> **Your goal**: The reply must contain exactly the lines below from the one with "Custom Wedding 22" down to the one with "Bathco 0212 - Umývadlová", both included, and nothing more; please omit the pictures.

> **Recorded data**:
********

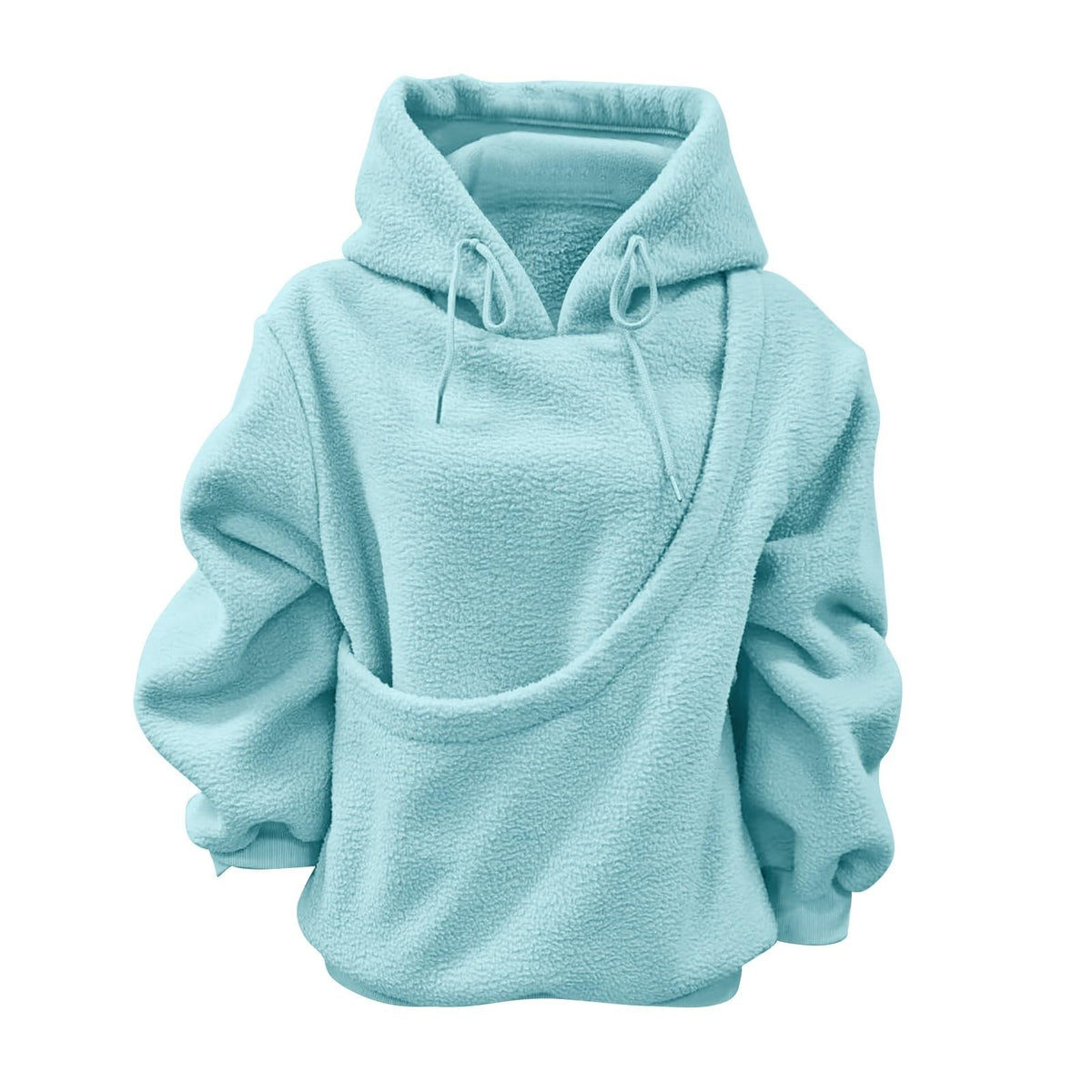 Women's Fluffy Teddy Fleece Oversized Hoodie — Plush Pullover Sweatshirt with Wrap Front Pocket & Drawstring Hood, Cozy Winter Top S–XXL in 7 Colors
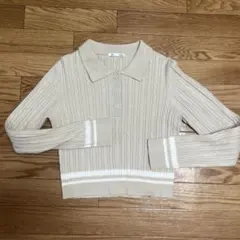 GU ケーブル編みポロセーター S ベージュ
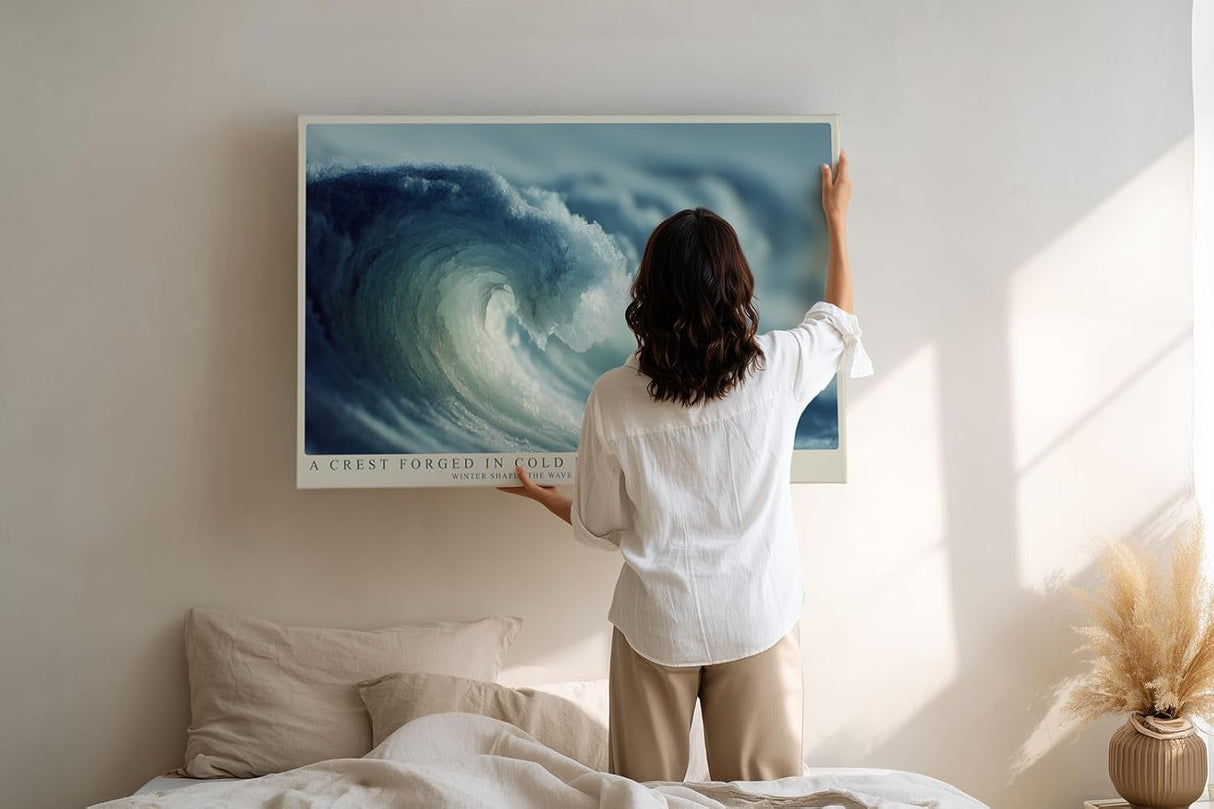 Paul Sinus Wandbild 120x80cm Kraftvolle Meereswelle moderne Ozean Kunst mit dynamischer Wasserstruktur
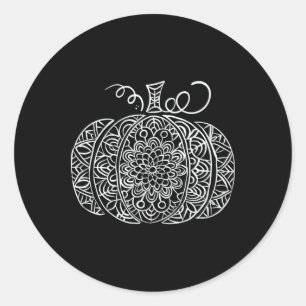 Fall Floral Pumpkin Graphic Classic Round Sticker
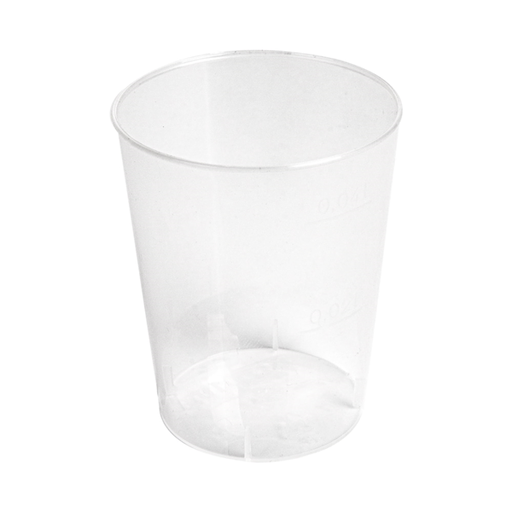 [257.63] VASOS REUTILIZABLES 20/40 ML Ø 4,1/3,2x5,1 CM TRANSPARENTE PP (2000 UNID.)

********

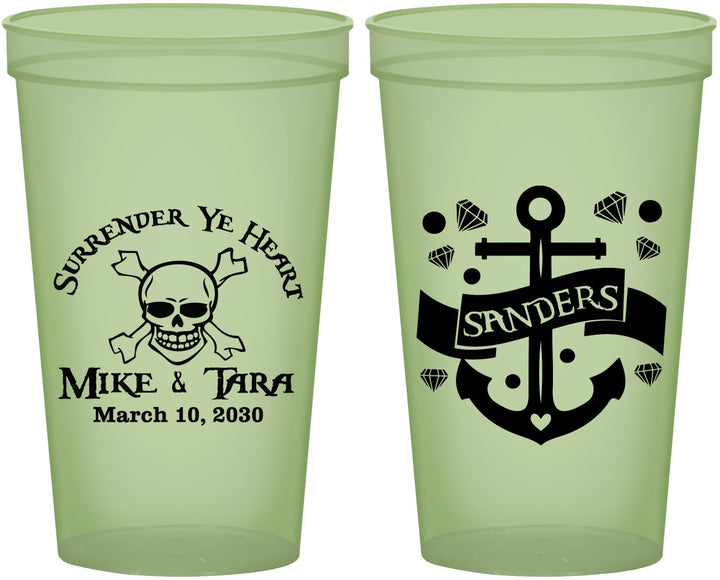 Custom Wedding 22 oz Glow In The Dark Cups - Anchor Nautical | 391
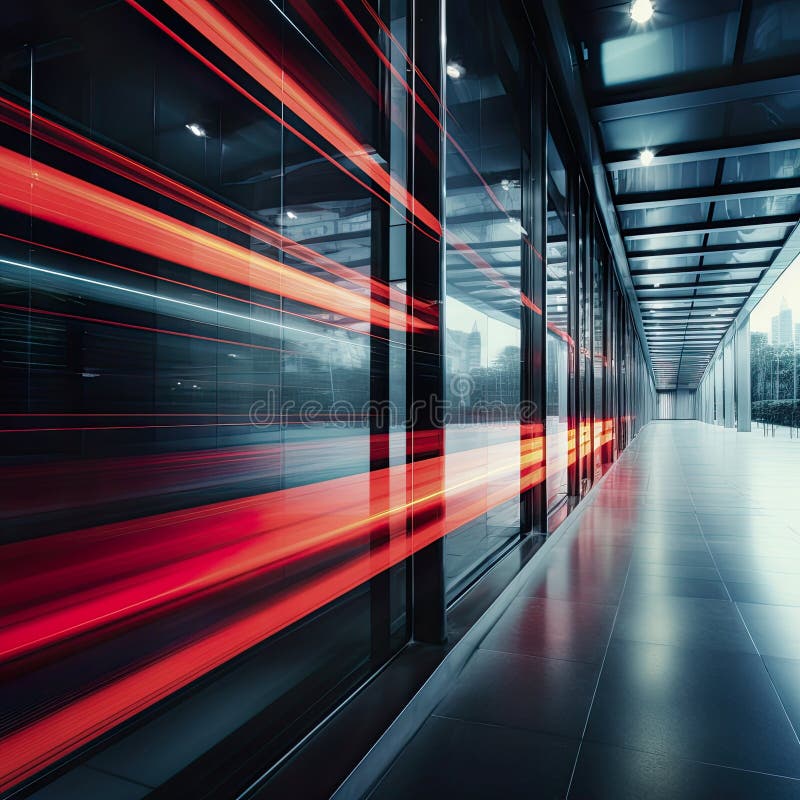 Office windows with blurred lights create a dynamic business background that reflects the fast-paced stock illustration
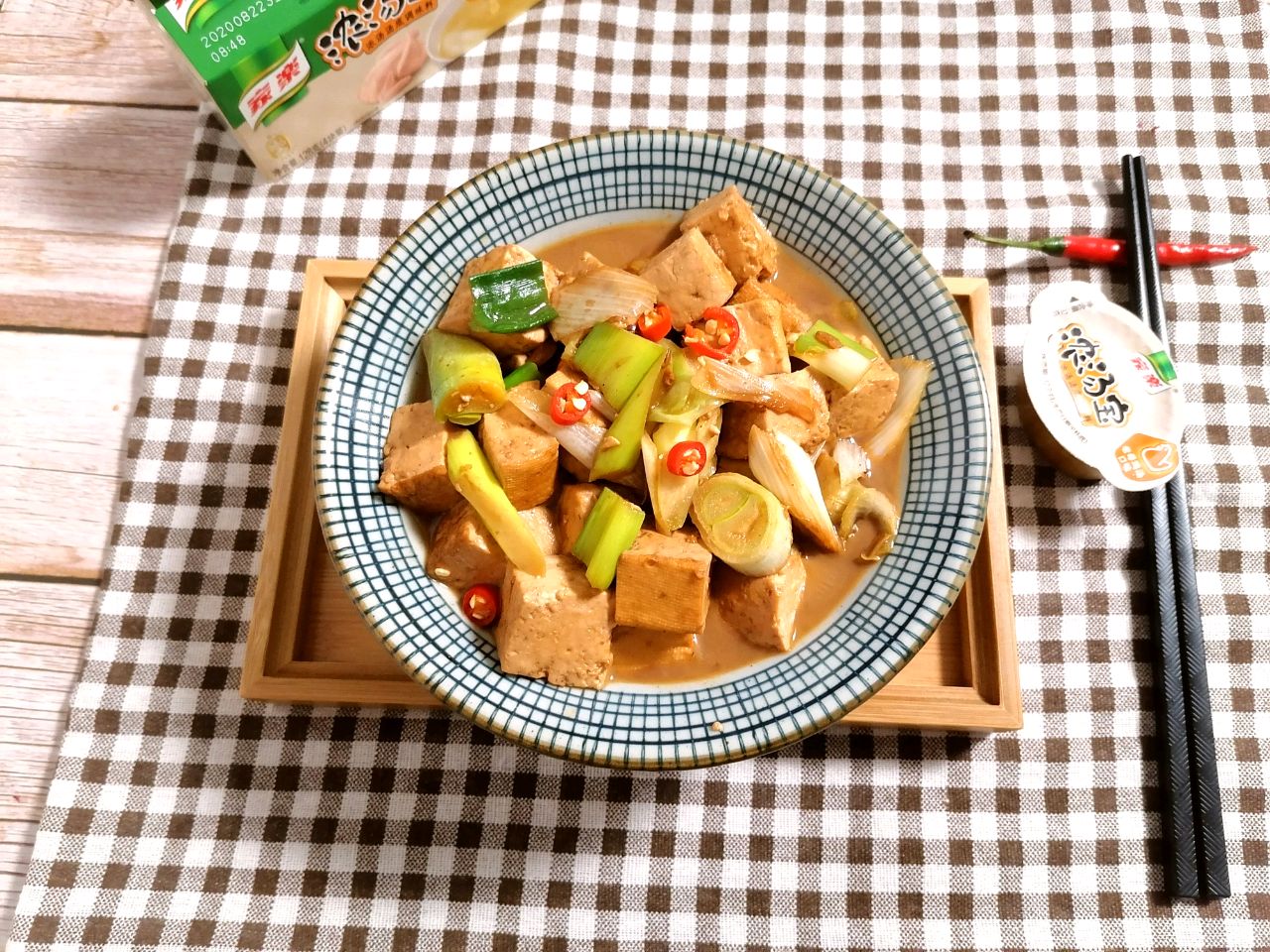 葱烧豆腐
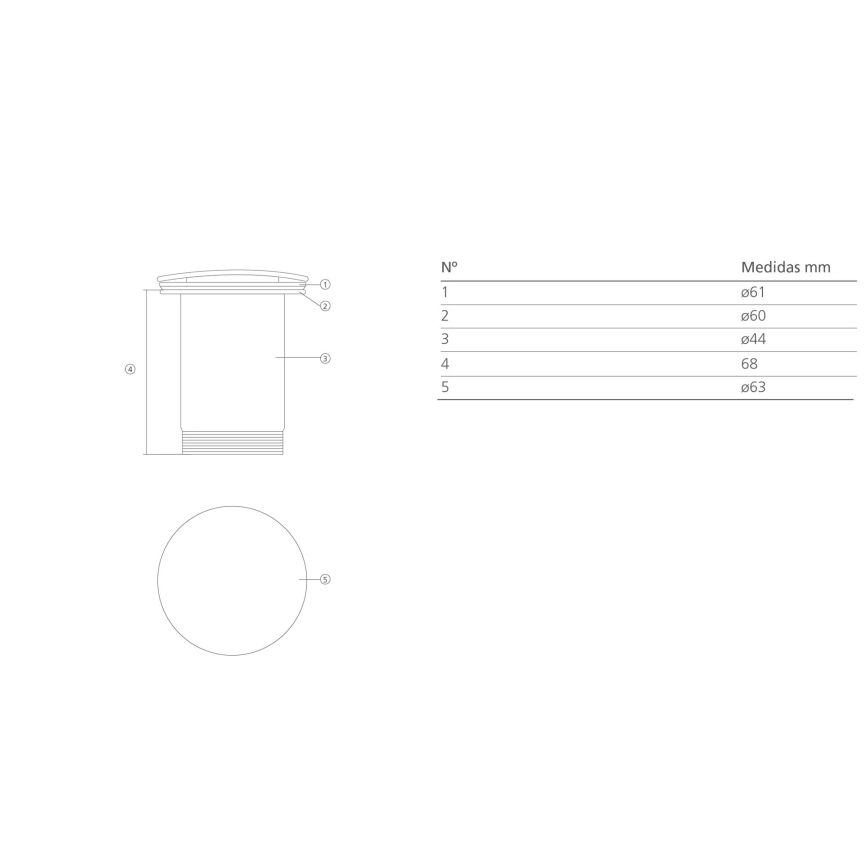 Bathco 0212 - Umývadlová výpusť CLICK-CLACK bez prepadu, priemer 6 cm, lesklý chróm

********

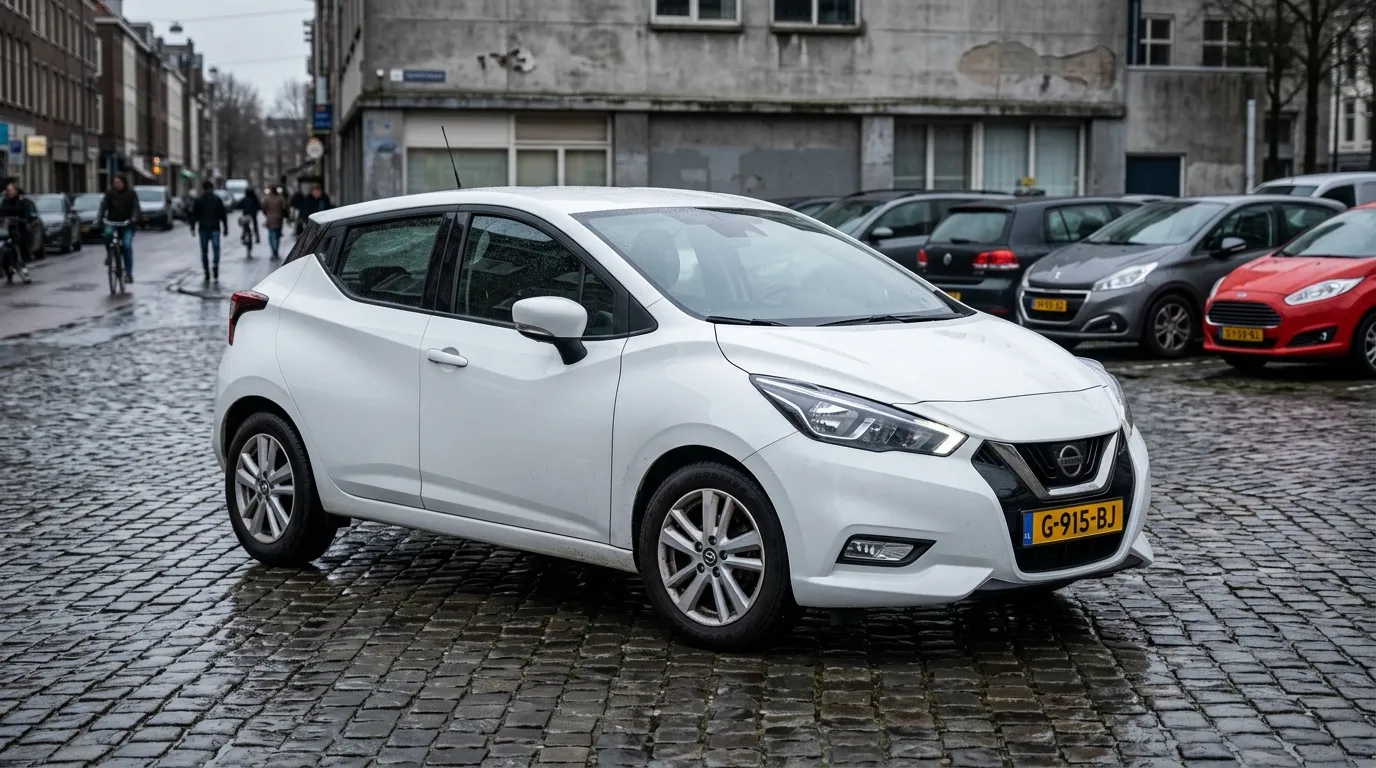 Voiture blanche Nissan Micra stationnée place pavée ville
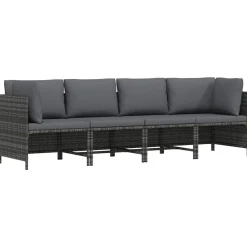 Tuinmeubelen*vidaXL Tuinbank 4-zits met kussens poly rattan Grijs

********

> **Response**:
 Custom Wedding 22 oz Glow In The Dark Cups - Anchor Nautical | 391
 Office windows with blurred lights create a dynamic business background that reflects the fast-paced stock illustration
 葱烧豆腐
 Bathco 0212 - Umývadlová výpusť CLICK-CLACK bez prepadu, priemer 6 cm, lesklý chróm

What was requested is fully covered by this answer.